Pour la seule année de 2018, 1 323 patrouilles ont été effectuées, permettant de démanteler 765 sites clandestins et de saisir 26 millions d’euros de matériels et d’avoirs. Des saisies qui ont augmentés de 81 % par rapport à 2017. Pour arriver à ce résultat, le personnel engagé dans l’opération, outre les sites d’exploitations, vise aussi les réseaux logistiques des "garimpeiros". Cela se traduit par la mise en place de barrages fluviaux notamment, qui empêche l’approvisionnement en matériels et en vivres des travailleurs illégaux, limitant, de facto, l’exploitation aurifère clandestine.

Harpie est donc une opération interministérielle et interarmées qui, selon le rapport de la commission d’enquête de l’Assemblée nationale sur la lutte contre l’orpaillage illégal en Guyane de juillet 2021, s’est avérée "un succès qui endigue la croissance de l’orpaillage illégal", avant de préciser, "sans pour autant l’éradiquer".


Une stratégie contre l’orpaillage illégal renforcé avec Harpie II en 2018, qui renforce le volet répressif de l’opération et qui fusionne les différentes autorités sous une seule comme l’explique le ministre des Outre-mer, Sébastien Lecornu : "Aux forces de sécurité intérieure ayant fait leurs preuves et aux forces armées ont été cette fois associés les agents du Parc Amazonien de Guyane, les agents assermentés de l’Office Français de la Biodiversité (OFB) et les instances judiciaires locales. Les différents états-majors de lutte ont fusionné sous l’autorité du préfet".

Dans les faits, en 2020, malgré la crise du Covid-19, le renforcement est visible, 3 000 patrouilles ont été conduites. Elles ont permis de saisir 23,7 millions d’euros comprenant 4,9 kilos d’or, 196 kilos de mercure, 280 000 litres de carburant ou encore 165 pirogues. Une opération qui permet d’enrayer tout ce trafic, mais qui est dangereuse pour les soldats qui la mènent.

Neuf morts

Depuis son lancement, neuf militaires sont morts dans le cadre de l’opération Harpie. Certains par accident. Mais, en 2012, une embuscade est tendue par des orpailleurs clandestins dans la région de Dorlin, à 150 km au Sud-ouest de Cayenne. L’adjudant Stéphane Moralia, 28 ans, et le caporal-chef Sébastien Pissot, 33 ans, appartenant tous deux au 9e Régiment d’infanterie de Marine, sont tués dans cette embuscade.

C’est dans ce cadre que le Brésilien Ronaldo Lima, dit "Brabo", a été condamné il y a peu à 130 ans de prison par le parquet fédéral de l’Amapa, une région brésilienne frontalière de la Guyane. Quant au chef du présumé gang qui avait mené cette embuscade, Manoel Ferreira, dit "Manoelzinho", il est décédé en début d’année à l’hôpital, avant son procès.
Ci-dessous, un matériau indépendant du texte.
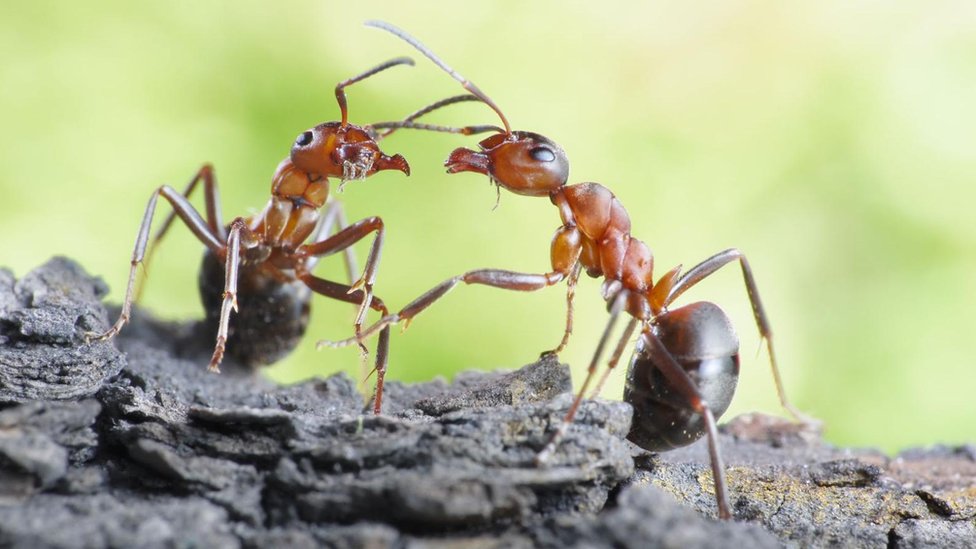Mravlje kolonije: Amputacija noge spasila drugom mravu život, tvrdi studija 2 Dva mrava se suočavaju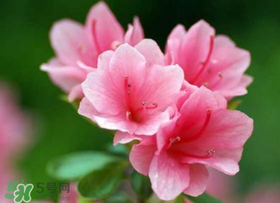 五月還有杜鵑花嗎？杜鵑花什么時(shí)候開？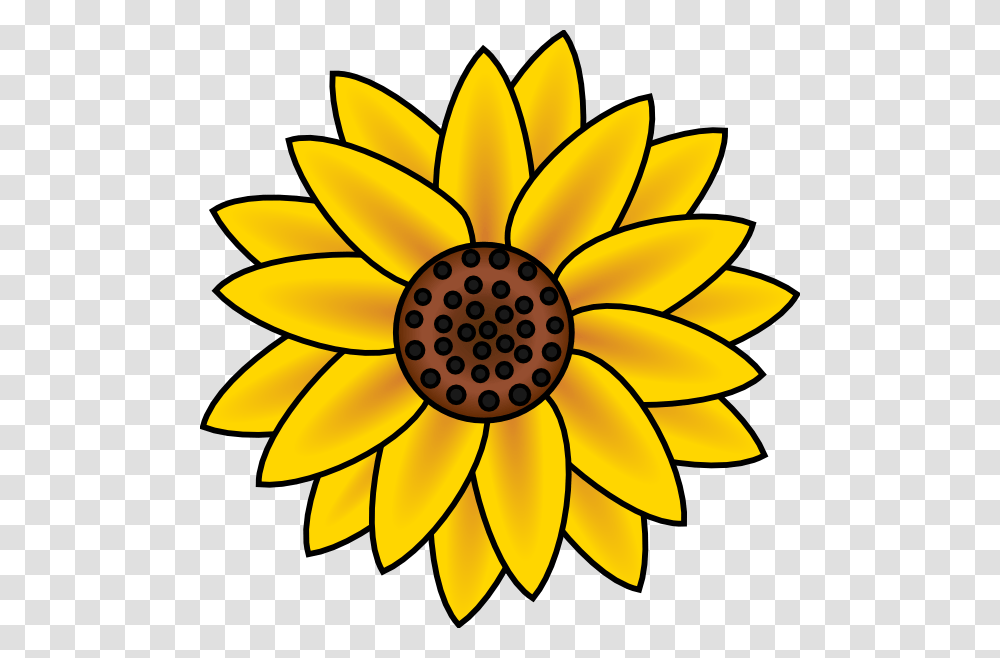 Country Sunflower Cliparts, Plant, Blossom, Lamp Transparent Png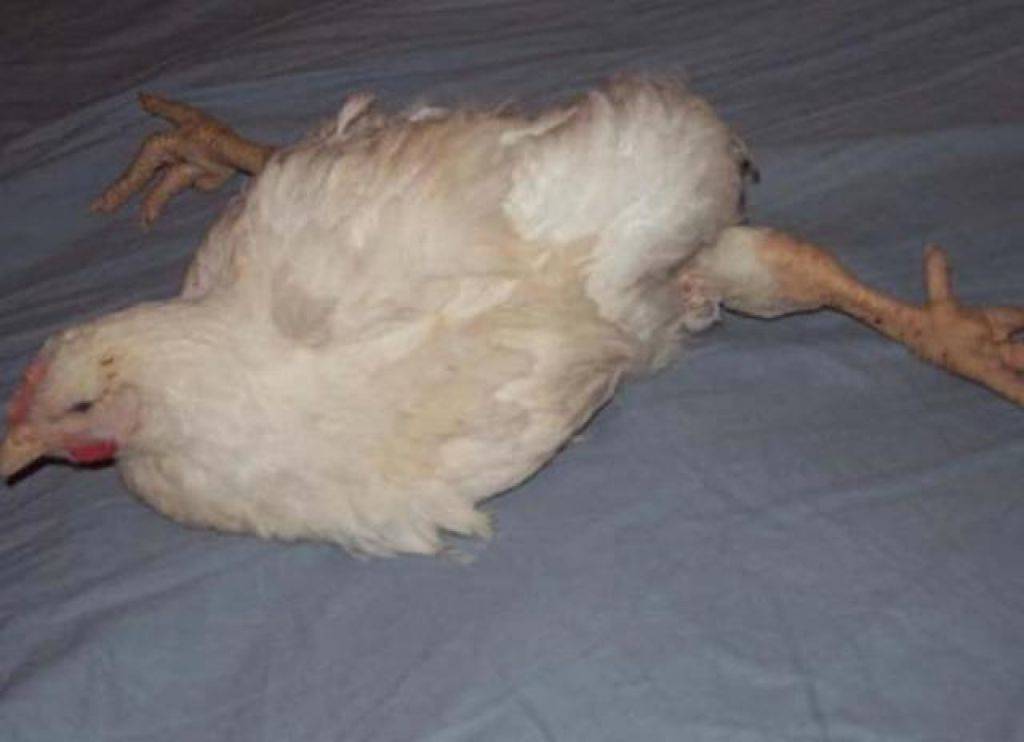 Болезнь марека у кур: причины, симптомы и лечение болезни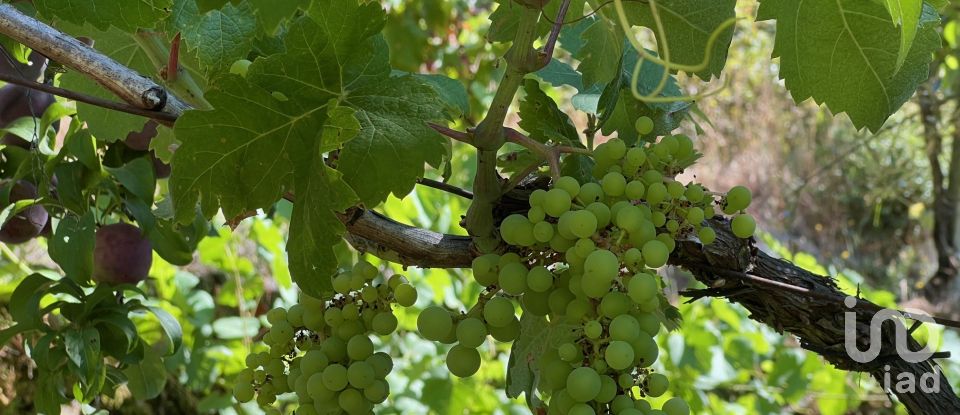 Maison T2 à Valadares de 75 m²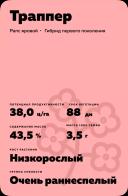 Траппер (TRAPPER) гибрид рапса ярового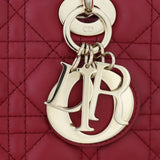 Dior Lady Dior Medium_IMG_1143.jpg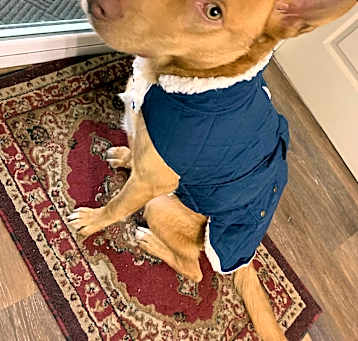 Photo of Maverick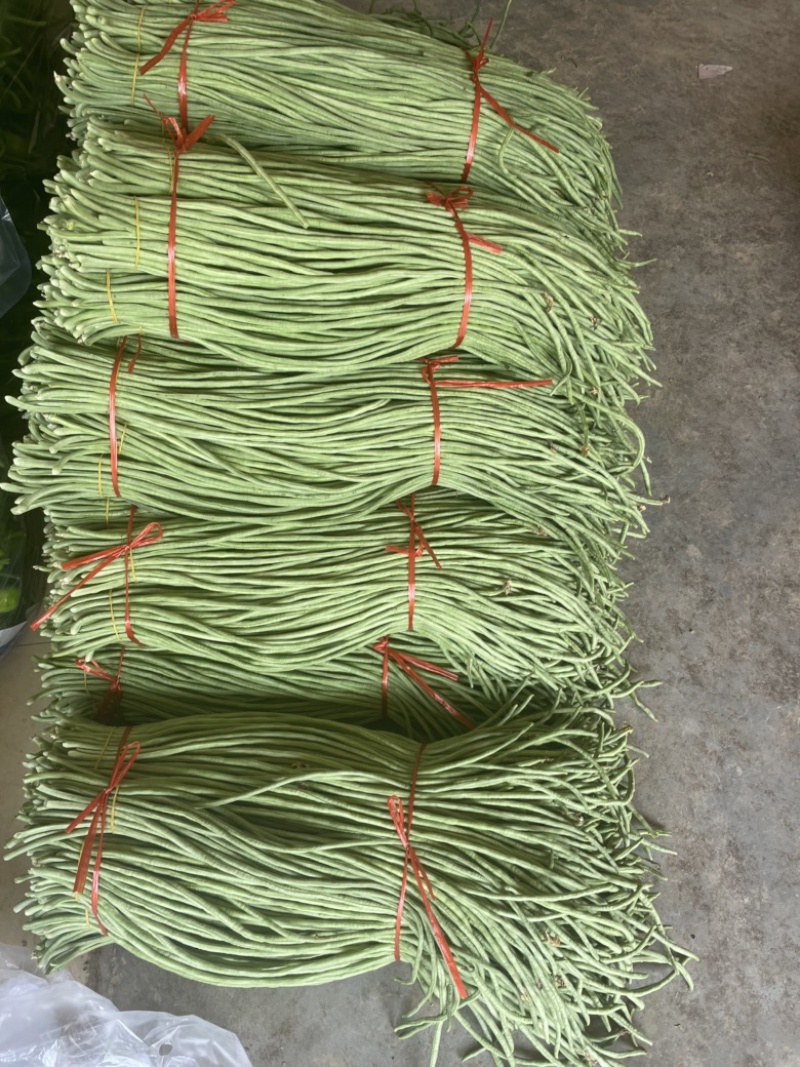 长豆角长豇豆大量供应产地货源充足代发全国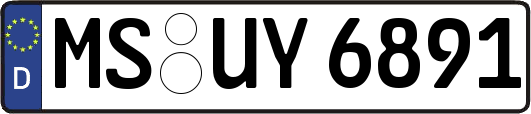 MS-UY6891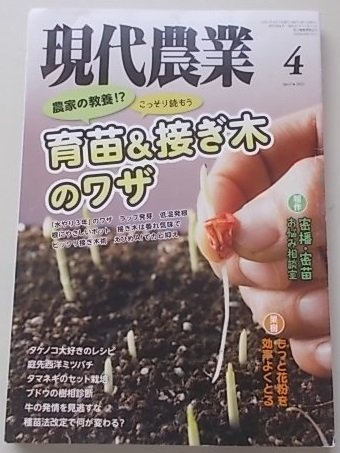 現代農業　2021年4月号　特集：農家の教養！？こっそり読もう育苗&接ぎ木のワザ_画像1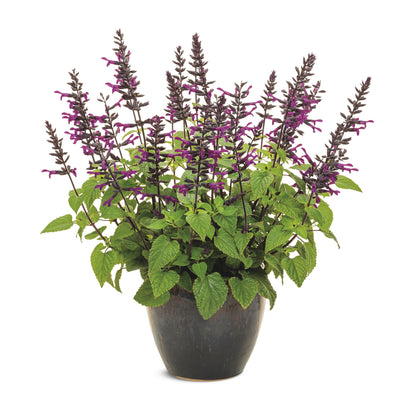 Rockin'® Deep Purple Salvia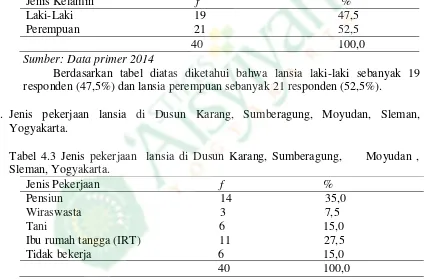 Tabel 4.3 Jenis pekerjaan  lansia di Dusun Karang, Sumberagung,     Moyudan , 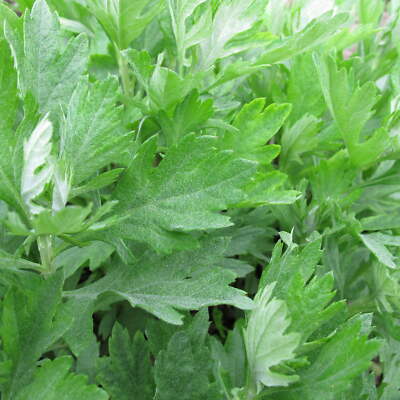 500+ Mugwort Seeds (Artemisia Vulgaris) - Medicinal & Culinary Perennial Herb, USA Grown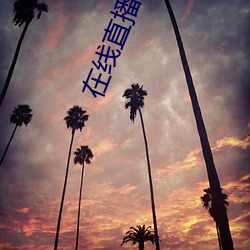在线(xiàn)直播(bō)观看(kàn)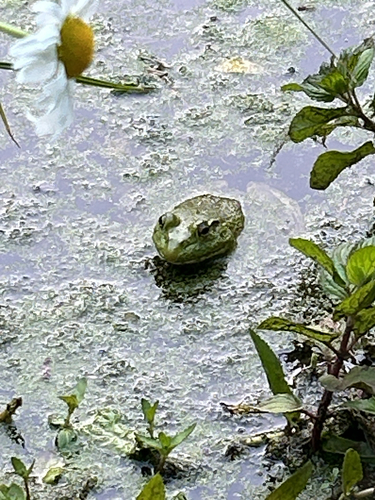 American Bullfrog
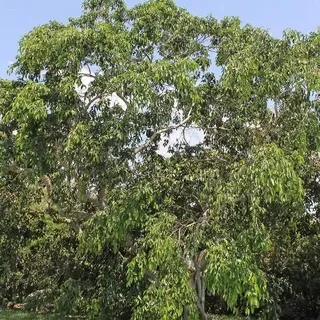 ENH410/ST251: Ficus benjamina: Weeping Fig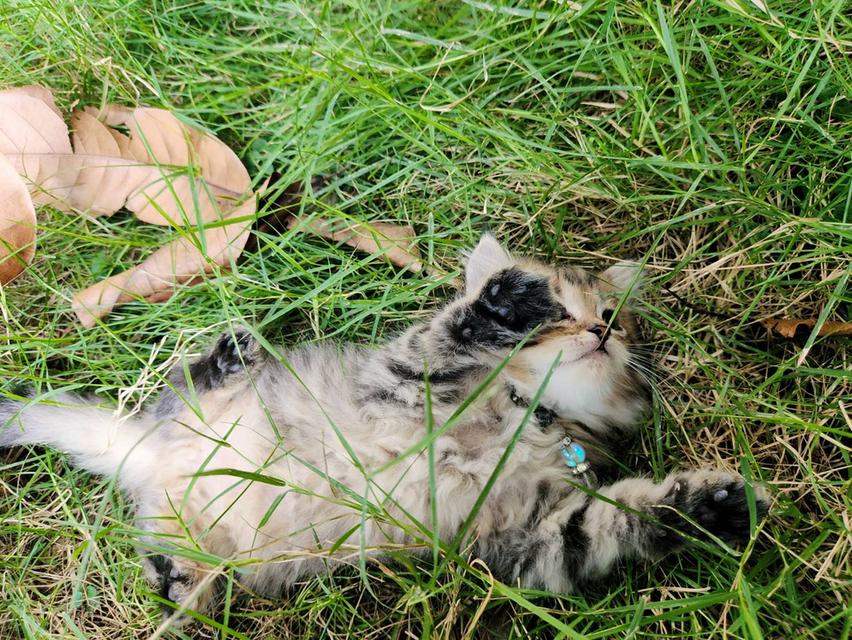 สกอตติชโฟล์หูพับ+เปอร์เซีย รูปที่ 2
Plus récemment, en juillet 2019, trois soldats du 19e régiment du génie sont tués par des émanations toxiques dans une galerie qu’ils s’apprêtaient à détruire. Cela montre au passage la dangerosité de ces exploitations pour les "garimpeiros" eux-mêmes. Ce sont les derniers morts en date de cette opération toujours en cours aujourd’hui.

Malgré tous ces efforts, l’orpaillage illégal continue en Guyane, avec environ 10 à 12 tonnes d’or extraites illégalement dans le département chaque année, selon la commission d’enquête de l’Assemblée nationale. Cela représente un montant estimé entre 500 et 750 millions d’euros. Ce qui peut expliquer la violence mais aussi la témérité des orpailleurs clandestins.

Au début du mois de février 2022, la Douane a entreposé deux pirogues qu’elle avait saisies plus tôt sur le ponton de la Base opérationnelle de Saint-Jean du Maroni. Mais dans la nuit suivante, des "garimpeiros" sont venus récupérer leur matériel dans ce qui s’apparente à une véritable opération commando. Approchant rapidement en pirogue du ponton, des hommes ont sauté dessus, coupant les amarres et s’emparant des pirogues, repartant avec sans se faire attraper. La lutte contre l’orpaillage illégal en Guyane semble loin d’être finie et l’opération Harpie avec.